Work to complete »
Print out each entry below exactly; do not carry over any image.

Data records »
::::
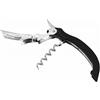 PADERNO WORLD CUISINE 41699-20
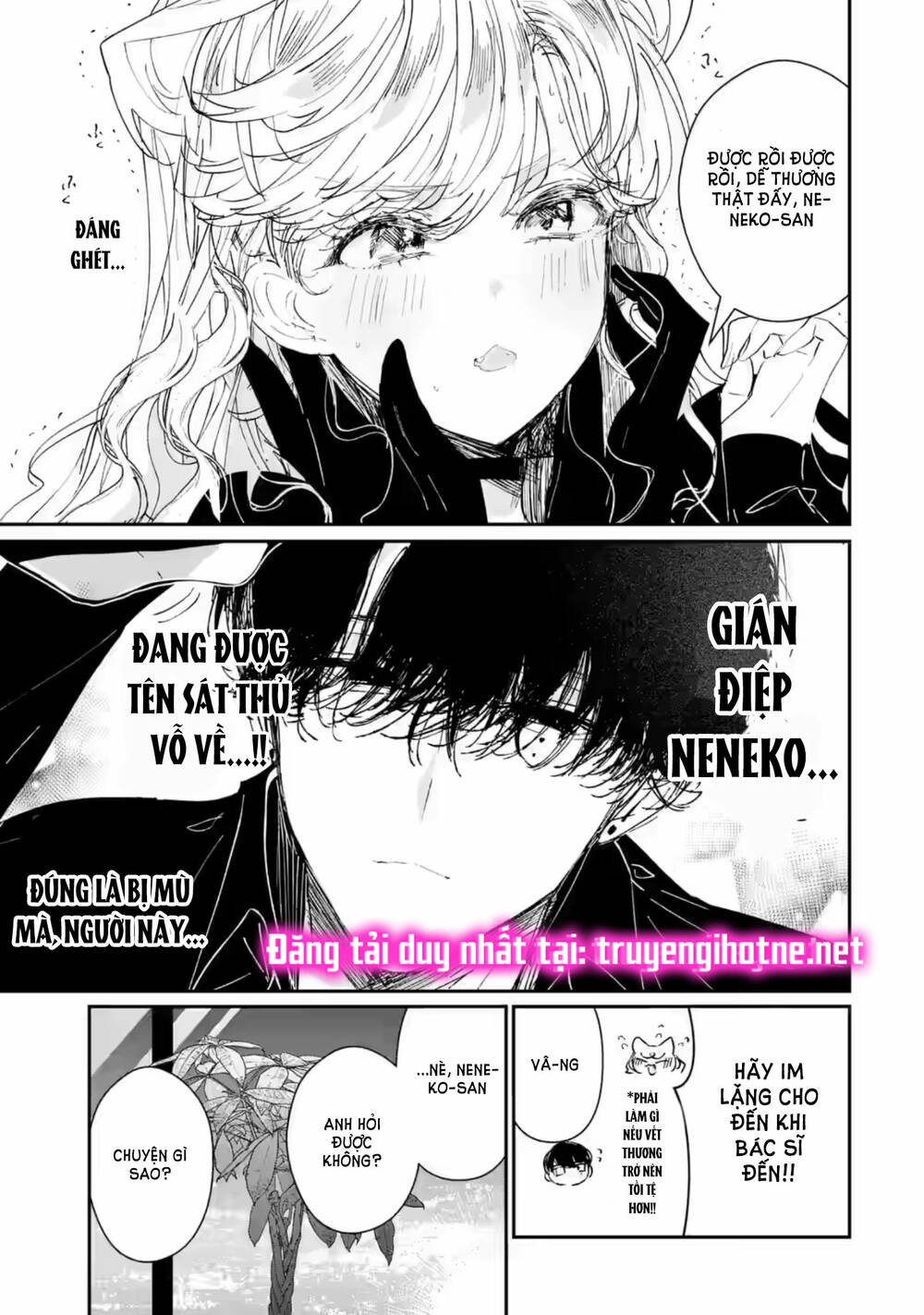 page_28.jpg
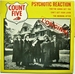 Vignette de Count Five - Psychotic reaction
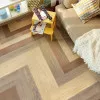 Panele winylowe 277006014 Tarkett Art Vinyl New Age Narrow Panele winylowe 277006014 Tarkett Art Vinyl New Age Narrow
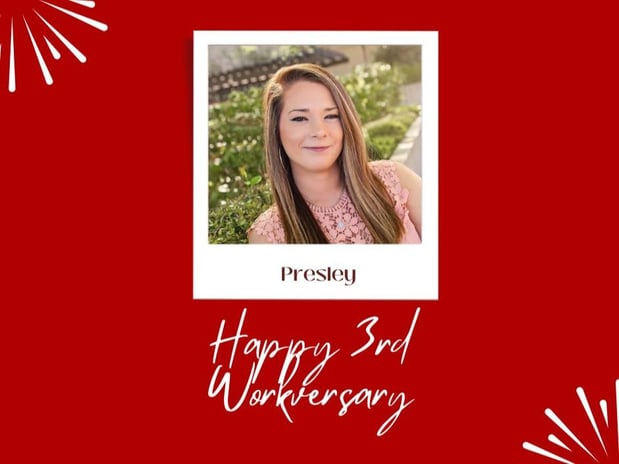 Images Kristin Vincent - State Farm Insurance Agent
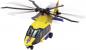 Preview: Dickie Spielfahrzeug Helikopter Go Real / SOS Airbus H160 Rescue Helicopter 203714022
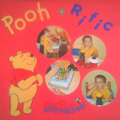 Pooh Rific Twos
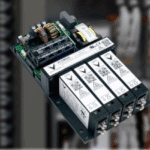 Designing Power Supplies Made Easy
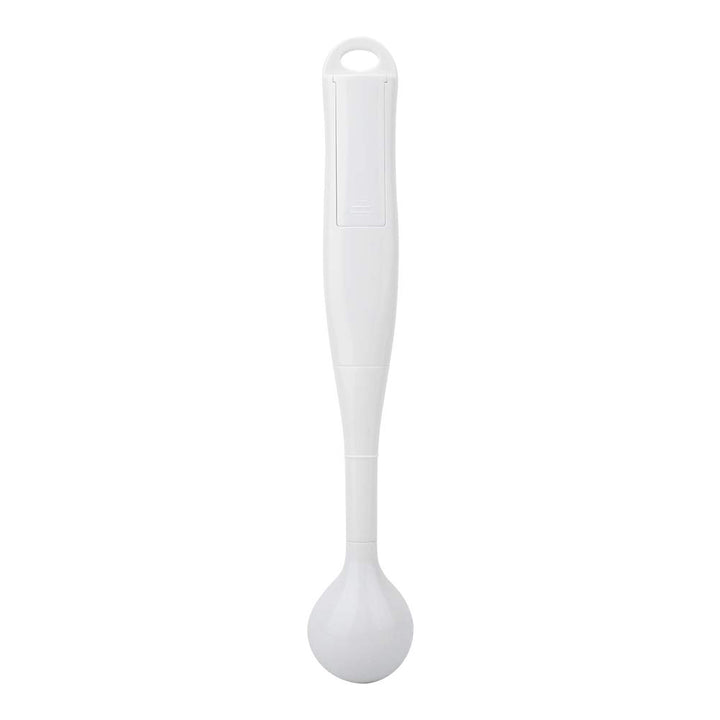 Salinometer, Food Liquid Salzgehalt Tester Meter Professionelle LED-Leuchten Präzises Salinometer zu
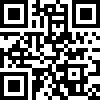 https://mehrnews.com/xqbMJ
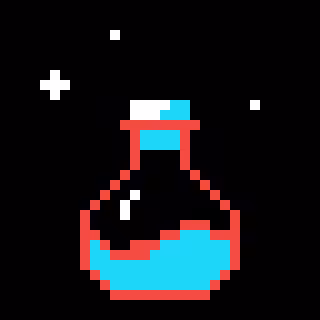 #919 - Drink Me Exe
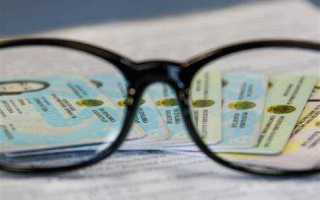 Как получить инн иностранному гражданину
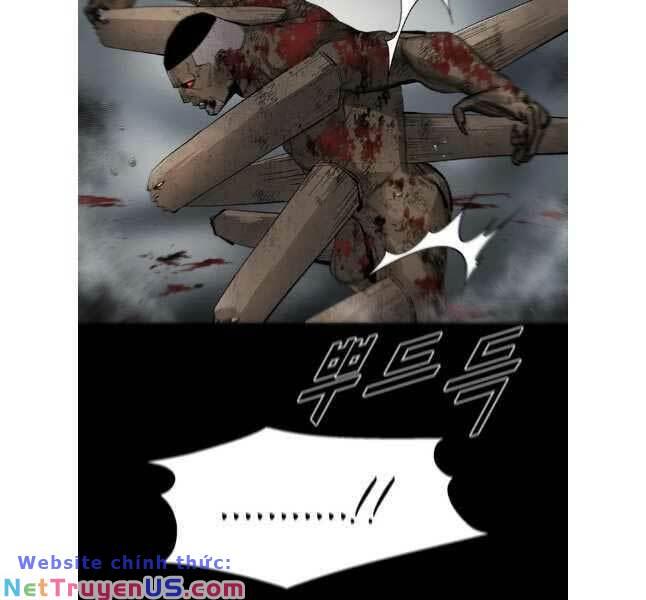 mật mã mê cung chapter 90 88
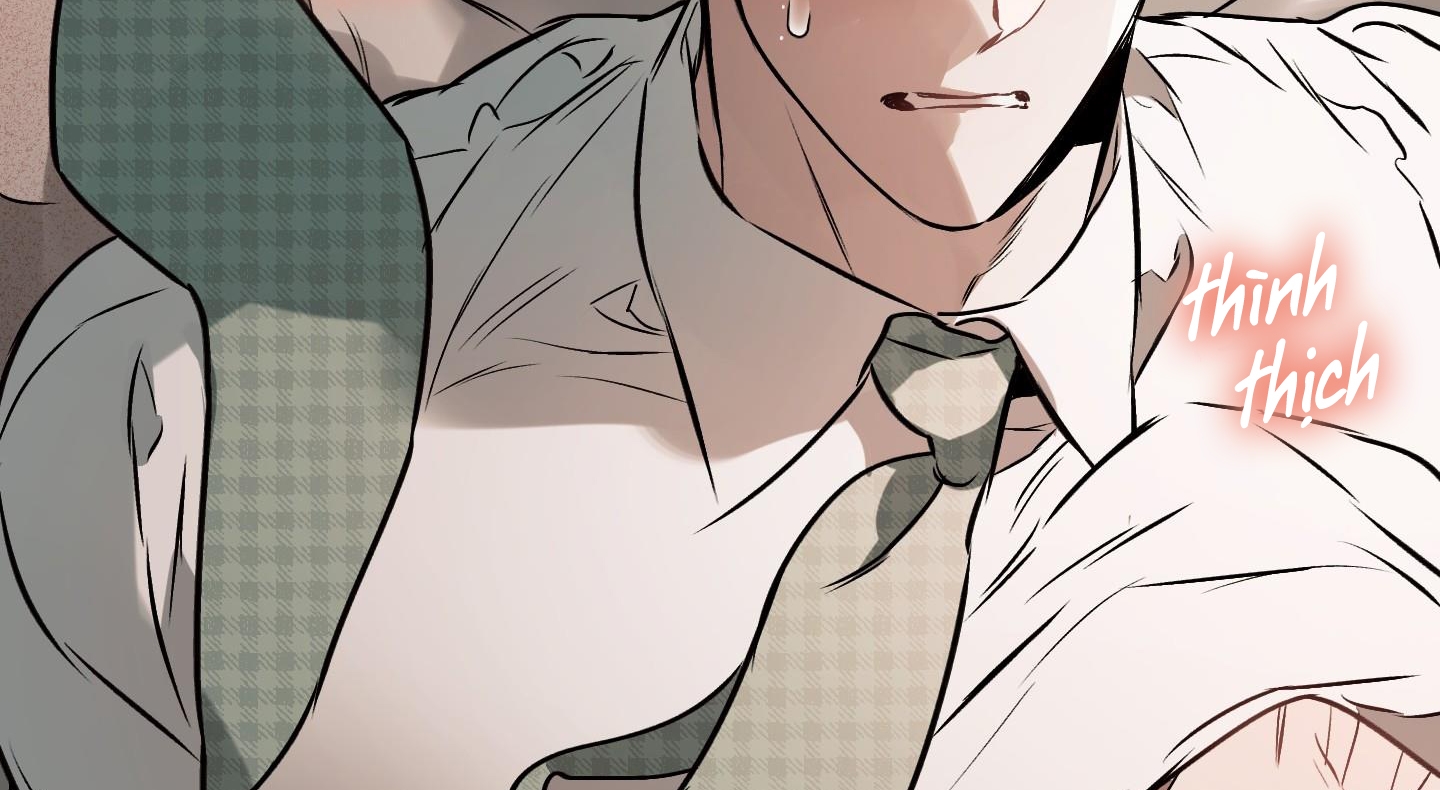 định rõ mối quan hệ chapter 35 67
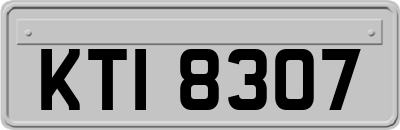 KTI8307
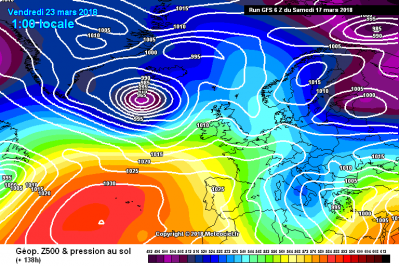 gfs_0_138_1521289113_690754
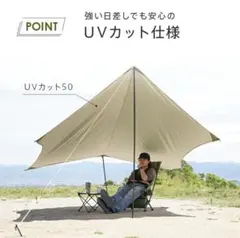 Item thumbnail for item 2d617596-f425-44c6-bf4c-d3e0c6cf39f8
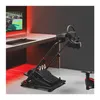 Huzaro Speed 3.0 | Supporto per volante da corsa Gaming Anteprima dell’immagine prodotto 14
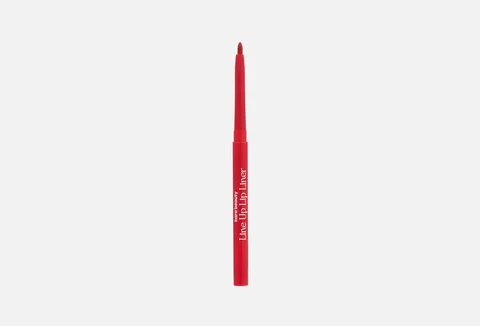 KARA BEAUTY Lineup Lip Liner – Gia L9-01-8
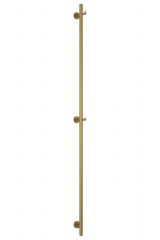 Полотенцесушитель электрический Сунержа Аскет 1650 051-0850-1650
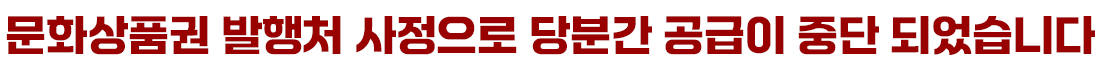 5c31b2398fd9f8ba94f2f6c824f39649_1745228099_9676.png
::::
Result »
 PADERNO WORLD CUISINE 41699-20
 page_28.jpg
 Vignette de Count Five - Psychotic reaction
 Panele winylowe 277006014 Tarkett Art Vinyl New Age Narrow Panele winylowe 277006014 Tarkett Art Vinyl New Age Narrow
 Images Kristin Vincent - State Farm Insurance Agent
 Preview: Dickie Spielfahrzeug Helikopter Go Real / SOS Airbus H160 Rescue Helicopter 203714022
 Pooh Rific Twos
 Designing Power Supplies Made Easy
 Salinometer, Food Liquid Salzgehalt Tester Meter Professionelle LED-Leuchten Präzises Salinometer zu
 https://mehrnews.com/xqbMJ
 #919 - Drink Me Exe
 Как получить инн иностранному гражданину
 mật mã mê cung chapter 90 88
 định rõ mối quan hệ chapter 35 67
 KTI8307
 gfs_0_138_1521289113_690754
 Item thumbnail for item 2d617596-f425-44c6-bf4c-d3e0c6cf39f8
 Huzaro Speed 3.0 | Supporto per volante da corsa Gaming Anteprima dell’immagine prodotto 14
 KARA BEAUTY Lineup Lip Liner – Gia L9-01-8
 Полотенцесушитель электрический Сунержа Аскет 1650 051-0850-1650
 5c31b2398fd9f8ba94f2f6c824f39649_1745228099_9676.png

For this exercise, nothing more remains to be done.